Dataset entries
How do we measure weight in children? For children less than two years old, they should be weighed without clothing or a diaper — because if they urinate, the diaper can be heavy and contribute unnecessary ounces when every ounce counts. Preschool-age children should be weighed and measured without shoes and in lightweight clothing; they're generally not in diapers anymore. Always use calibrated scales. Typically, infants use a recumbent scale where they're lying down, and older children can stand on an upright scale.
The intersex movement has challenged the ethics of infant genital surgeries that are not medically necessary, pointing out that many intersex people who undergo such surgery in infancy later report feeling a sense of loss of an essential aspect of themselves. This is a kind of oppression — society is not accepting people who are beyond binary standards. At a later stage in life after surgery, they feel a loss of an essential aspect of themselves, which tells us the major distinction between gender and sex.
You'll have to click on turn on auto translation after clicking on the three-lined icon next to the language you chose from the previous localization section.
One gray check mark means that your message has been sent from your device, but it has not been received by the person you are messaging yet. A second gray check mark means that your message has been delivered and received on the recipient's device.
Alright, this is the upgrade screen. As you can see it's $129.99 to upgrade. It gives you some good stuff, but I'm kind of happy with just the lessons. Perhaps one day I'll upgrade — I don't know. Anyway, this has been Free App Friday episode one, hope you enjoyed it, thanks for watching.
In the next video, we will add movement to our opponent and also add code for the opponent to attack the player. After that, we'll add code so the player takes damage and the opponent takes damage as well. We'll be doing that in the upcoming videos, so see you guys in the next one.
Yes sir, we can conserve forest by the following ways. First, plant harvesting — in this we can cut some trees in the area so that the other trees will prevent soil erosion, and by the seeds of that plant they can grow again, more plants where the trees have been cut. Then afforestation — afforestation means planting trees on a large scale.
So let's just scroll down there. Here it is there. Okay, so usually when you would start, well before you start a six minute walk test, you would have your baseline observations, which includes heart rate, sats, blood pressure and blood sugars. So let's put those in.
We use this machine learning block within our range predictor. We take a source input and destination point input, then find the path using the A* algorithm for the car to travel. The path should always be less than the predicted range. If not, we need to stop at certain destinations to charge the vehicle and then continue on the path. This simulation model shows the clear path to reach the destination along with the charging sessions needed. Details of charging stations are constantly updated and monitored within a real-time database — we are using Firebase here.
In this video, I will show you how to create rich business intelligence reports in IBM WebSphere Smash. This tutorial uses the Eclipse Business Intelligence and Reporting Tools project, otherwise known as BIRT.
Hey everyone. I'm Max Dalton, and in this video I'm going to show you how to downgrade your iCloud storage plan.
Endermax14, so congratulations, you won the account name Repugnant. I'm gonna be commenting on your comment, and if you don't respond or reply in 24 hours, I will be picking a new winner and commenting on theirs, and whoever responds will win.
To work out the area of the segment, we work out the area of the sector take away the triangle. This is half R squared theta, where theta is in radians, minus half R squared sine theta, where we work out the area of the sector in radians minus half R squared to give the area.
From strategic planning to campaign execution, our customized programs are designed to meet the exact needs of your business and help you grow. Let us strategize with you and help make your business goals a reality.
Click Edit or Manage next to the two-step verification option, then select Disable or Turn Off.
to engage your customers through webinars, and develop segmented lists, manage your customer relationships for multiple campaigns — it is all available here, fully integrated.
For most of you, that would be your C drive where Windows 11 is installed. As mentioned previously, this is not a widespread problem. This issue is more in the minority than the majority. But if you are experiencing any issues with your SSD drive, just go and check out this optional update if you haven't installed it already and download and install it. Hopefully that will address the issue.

▸ Required action: For the word "video", tally the lines of the entries in which it appears and give the total alone.

▸ Exercise response: 3